# Task item
Look through the material below. Return exactly the lines from the one with "604 Saint Annes" through the one with "More views of Land Rover Discovery", both included.

# Exercise materials
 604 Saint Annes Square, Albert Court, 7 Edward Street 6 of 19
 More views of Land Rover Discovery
...
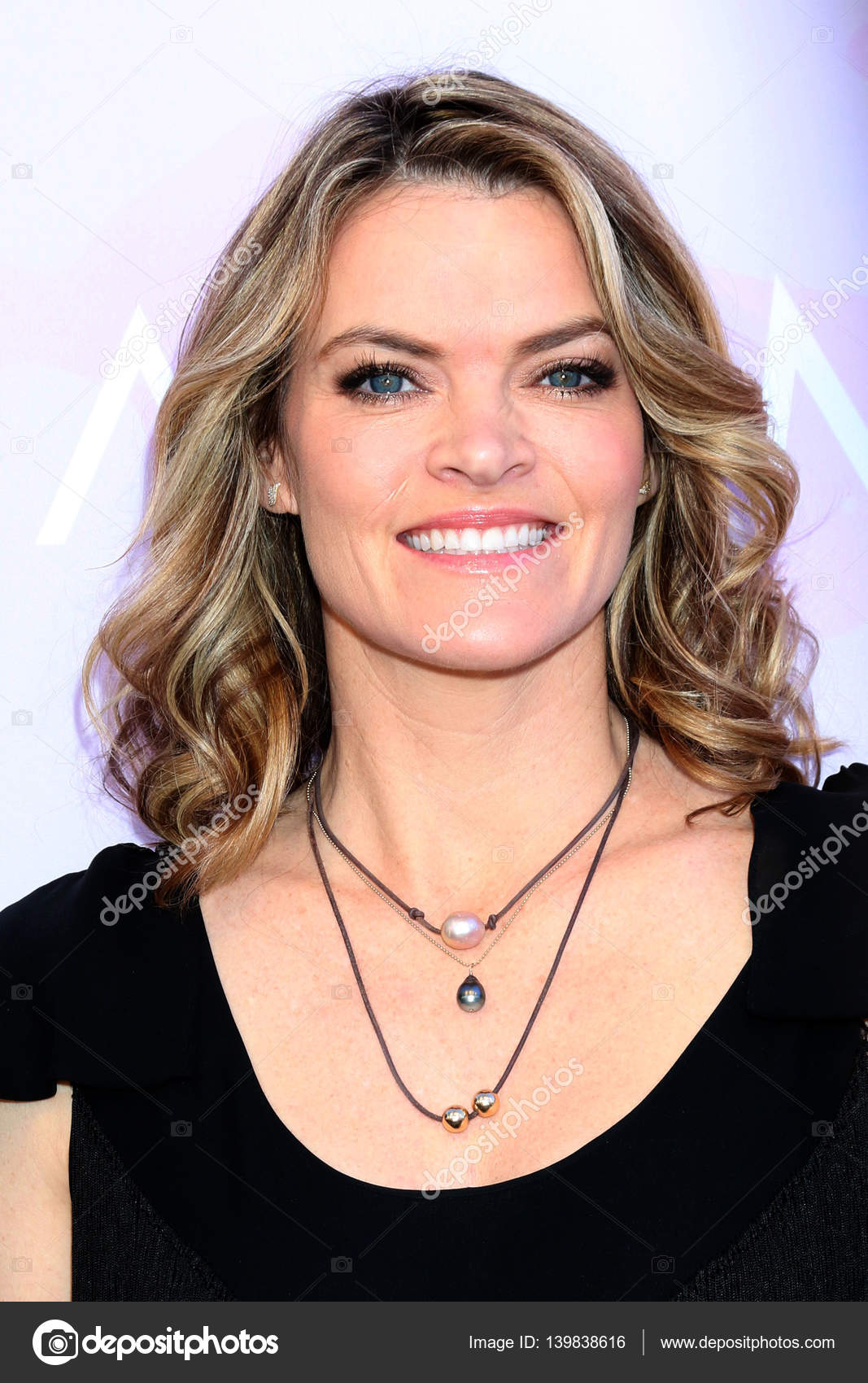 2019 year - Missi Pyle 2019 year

# Response box
 604 Saint Annes Square, Albert Court, 7 Edward Street 6 of 19
 More views of Land Rover Discovery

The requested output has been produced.